The Maryland General Assembly is taking its budget deliberations down to the wire as it moves toward the end of its 90-day session Monday night.
The conference committees seeking to resolve differences between the Senate and House on the four bills in the state's budget package did not meet Friday despite early expectations they would. But a conference on the most critical bill, the one that would raise income taxes enough to blance the budget without spending cuts the majority Democrats find unpalatable, will meet at 8:30 a.m. If that committee reaches a deal, the panels negotiating the budget bill and a companion measure are expected to quickly follow suit.
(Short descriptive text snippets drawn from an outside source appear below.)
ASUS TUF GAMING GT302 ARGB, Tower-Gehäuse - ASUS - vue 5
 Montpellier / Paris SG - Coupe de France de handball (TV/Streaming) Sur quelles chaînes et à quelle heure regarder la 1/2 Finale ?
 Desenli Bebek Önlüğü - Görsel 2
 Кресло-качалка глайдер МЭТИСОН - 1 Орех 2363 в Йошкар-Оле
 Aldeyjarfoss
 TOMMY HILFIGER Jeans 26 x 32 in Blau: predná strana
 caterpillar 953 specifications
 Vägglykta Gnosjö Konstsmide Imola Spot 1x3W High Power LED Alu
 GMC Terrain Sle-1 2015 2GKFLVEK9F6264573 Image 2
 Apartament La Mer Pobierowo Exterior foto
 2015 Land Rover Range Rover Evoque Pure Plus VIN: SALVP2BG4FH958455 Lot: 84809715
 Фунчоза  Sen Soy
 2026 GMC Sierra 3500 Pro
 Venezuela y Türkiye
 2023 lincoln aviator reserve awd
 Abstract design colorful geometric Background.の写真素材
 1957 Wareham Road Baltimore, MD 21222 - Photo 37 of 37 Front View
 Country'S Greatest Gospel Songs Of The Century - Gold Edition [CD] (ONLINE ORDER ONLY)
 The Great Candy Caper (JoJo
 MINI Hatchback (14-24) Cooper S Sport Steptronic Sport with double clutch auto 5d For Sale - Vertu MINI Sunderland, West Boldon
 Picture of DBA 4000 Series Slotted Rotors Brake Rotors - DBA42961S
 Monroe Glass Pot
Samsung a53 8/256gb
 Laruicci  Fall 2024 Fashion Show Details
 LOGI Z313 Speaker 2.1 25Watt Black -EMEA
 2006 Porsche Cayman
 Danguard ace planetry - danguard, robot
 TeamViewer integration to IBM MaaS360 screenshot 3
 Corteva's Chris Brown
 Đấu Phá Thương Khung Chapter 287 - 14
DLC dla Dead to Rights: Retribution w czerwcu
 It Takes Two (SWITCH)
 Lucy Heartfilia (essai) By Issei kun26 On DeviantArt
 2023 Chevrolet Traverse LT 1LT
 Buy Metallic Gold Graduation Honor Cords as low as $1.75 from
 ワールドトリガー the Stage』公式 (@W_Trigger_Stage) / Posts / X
Leading lawmakers said progress has been made behind the scenes and that negotiators should be able to wrap up a deal Saturday -- giving the legislative staff Sunday to prepare a conference committee report for distribution on the floor of each chamber Monday.
The process is in some ways an intricate legislative ritual. The final steps of the dance must be performed in public, but key legislators say the choreography has already been decided. There were already some signs Friday that the legislative logjam caused by the delayed budget deal was beginning to ease. A Senate committee approave a bill raising the so-called "flush tax" to fund sewer sytem upgrades -- a measure Senate President Thomas V, Mike Miller had said would have to get in line behind the budget.
Passing the budget is the only legislative task lawmakers have to get done each year under Maryland's Constitution. If the budget does not pass by Monday night, the legislature would be forced into a special session. But lawmakers seemed confident Friday that a deal will be finalized and that they can go home after the Assembly adjourns "sine die."